Between the two veterans and two new full-time starters at left guard and right tackle, Turner is something of a 'bridge' player. "We're counting on him like a seasoned veteran," Hurst says of Turner. "He knows that, and it's a lot of pressure for him, but he's looking forward to it."

The 2013 Tar Heel offensive line consists of players recruited by two different staffs to play in two very different offensive styles. Turner, recruited by the previous staff, redshirted in 2011 and returned from the Independence Bowl weighing well over 350 pounds. "I was athletic, but I wasn't in shape," he says. He got a shock to the system upon his return from Shreveport. Fedora and offensive coordinator Blake Anderson instituted a spread, no-huddle offense that would require superior conditioning. No huddle means just that, with the line expected to get set on the ball as soon as it's set for play. For Turner, that meant reshaping his body. "These past two years have been nuts. I'm sitting in the 320 range right now, and I'm moving a lot faster, my body feels better and I feel like more of an athlete. You have to, because we're playing at such a mach speed, you've got to keep up."

Even more than physical conditioning, Turner would be required to be ready mentally. While the skill players look to the sidelines for the play call, the offensive line is making pre-snap reads before getting the call audibly from the quarterback. "There's little stuff," he says. "Even our splits in between me and Russell. If we've got a three-technique (a defensive lineman setting up outside of the guard), I'll widen out just a little. We have that ingrained, and we can react to that, and then once we get the play, we'll know what's happening and we can adjust on the fly." 

Hours of preparation on the practice field and in the playbook helped prepare Turner for Saturdays. "That makes a huge difference," he says of his confidence. "It'll keep you from that one hesitant step, and every half-second is crucial on the field."

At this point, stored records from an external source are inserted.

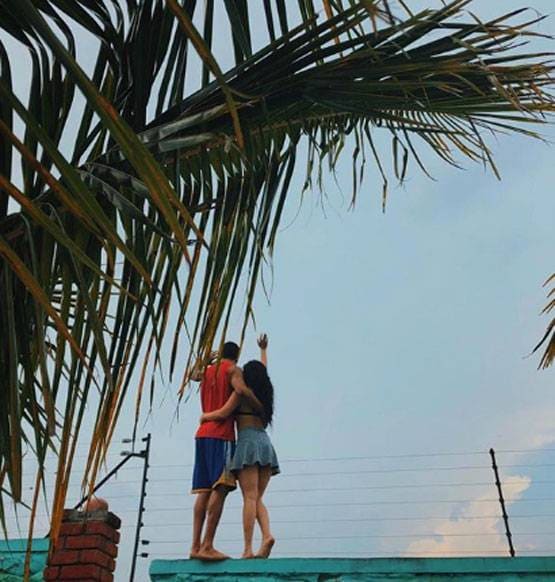 बॉयफ्रेंड संग रोमांटिक हुई कृष्णा श्रॉफ, KISS करते हुए शेयर की फोटोज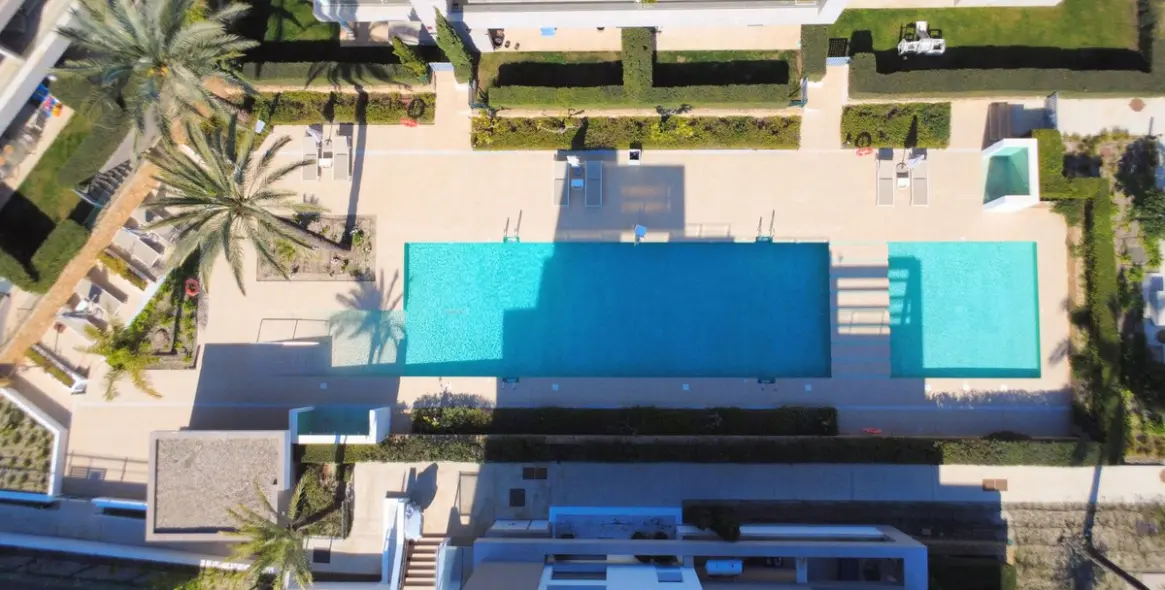 Sale of middle floor apartment in Cancelada 24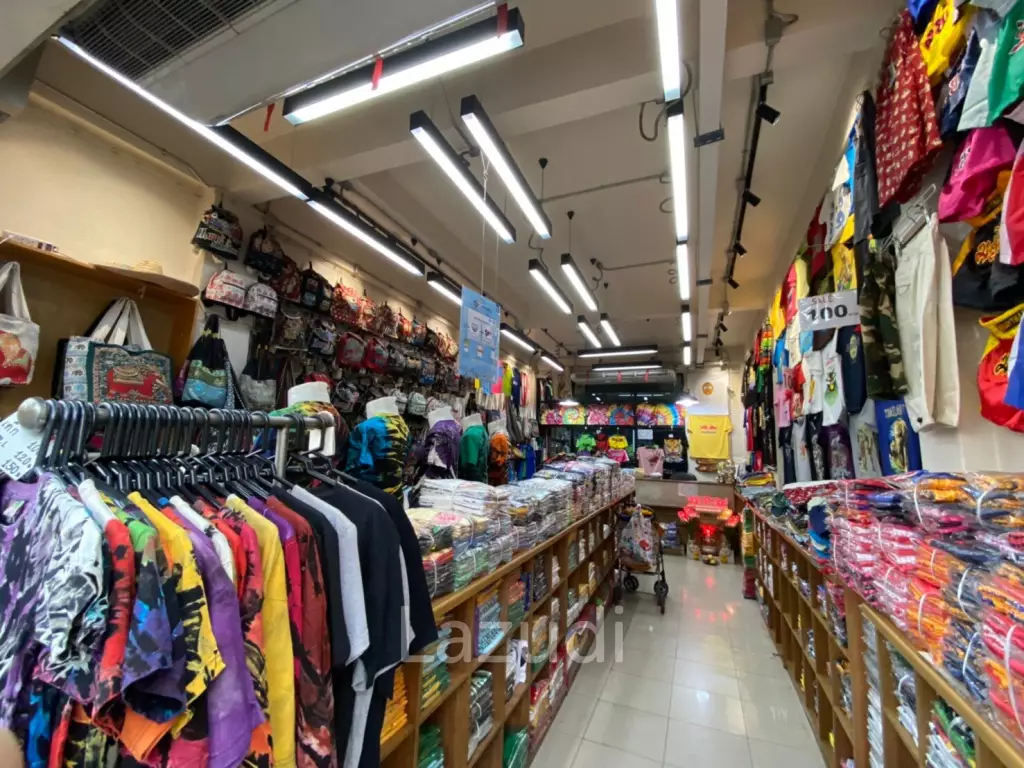 Commercial Building 252 SQ.M at Pratu Nam Market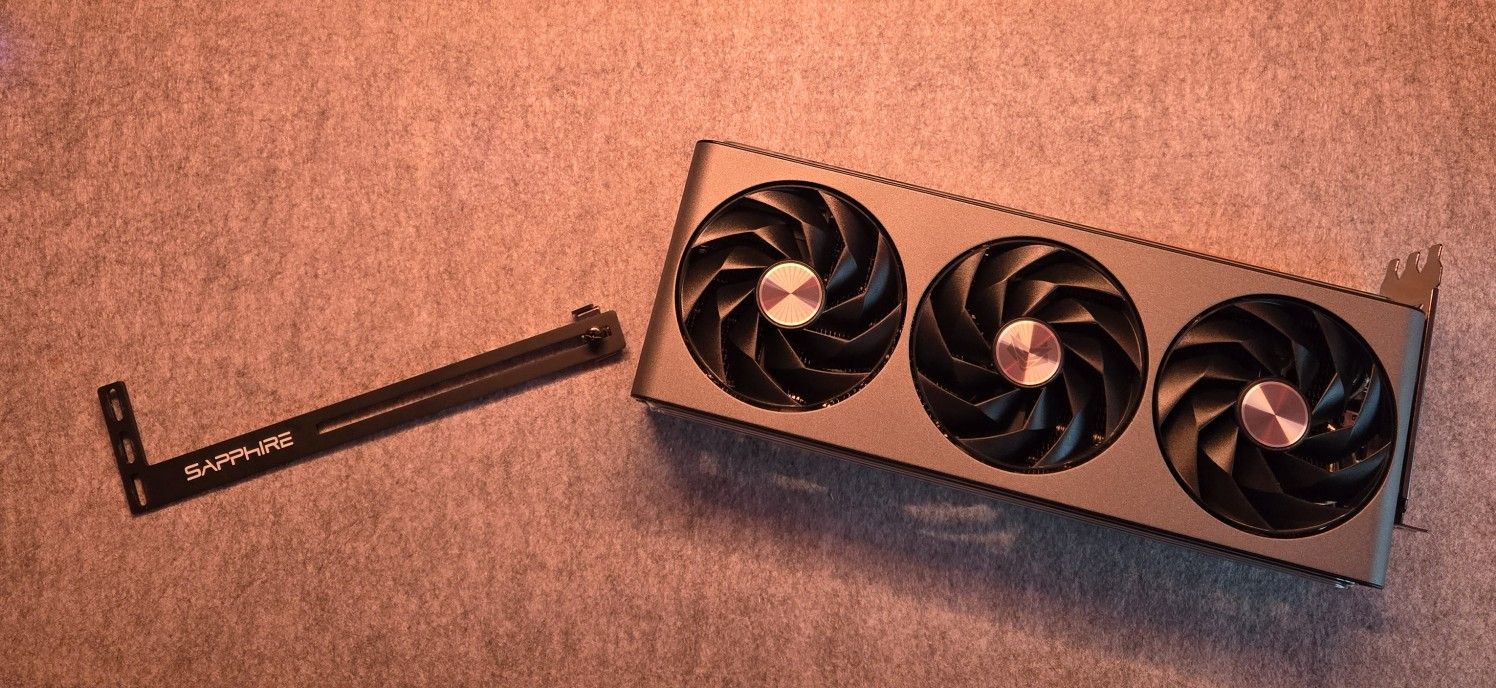 SAPPHIRE NITRO+ 7900XTX (MINT CONDITION)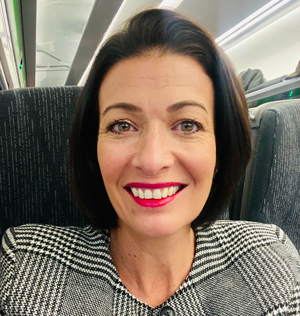 Liz Lloyd Headshot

Perhaps nowhere on the field is chemistry more important than on the offensive line. The ability to trust teammates, to sense their presence and react to not only what they're doing, but what they're about to do, is paramount. That chemistry is built on the practice field, in the meeting room, and by just hanging out. Turner said the closeness of the offensive line is part of what attracted him to Carolina in the first place, and he takes pride in continuing that tradition. He, Hurst and Russell recognize that it's up to them to carry the torch.

"Each year, it's just a completely different team," he says. "We were close with Coop, Brennan and Travis. Those guys aren't going to be here, and it really didn't hit us until this summer. The beautiful thing about it is in that same summer, we got a lot of the new guys coming in. Now, we're going out to dinner together, and we have a lot of pride in our chemistry as a group. We all have a great time together, so it's a different team, but in the end, we'll mesh just the same."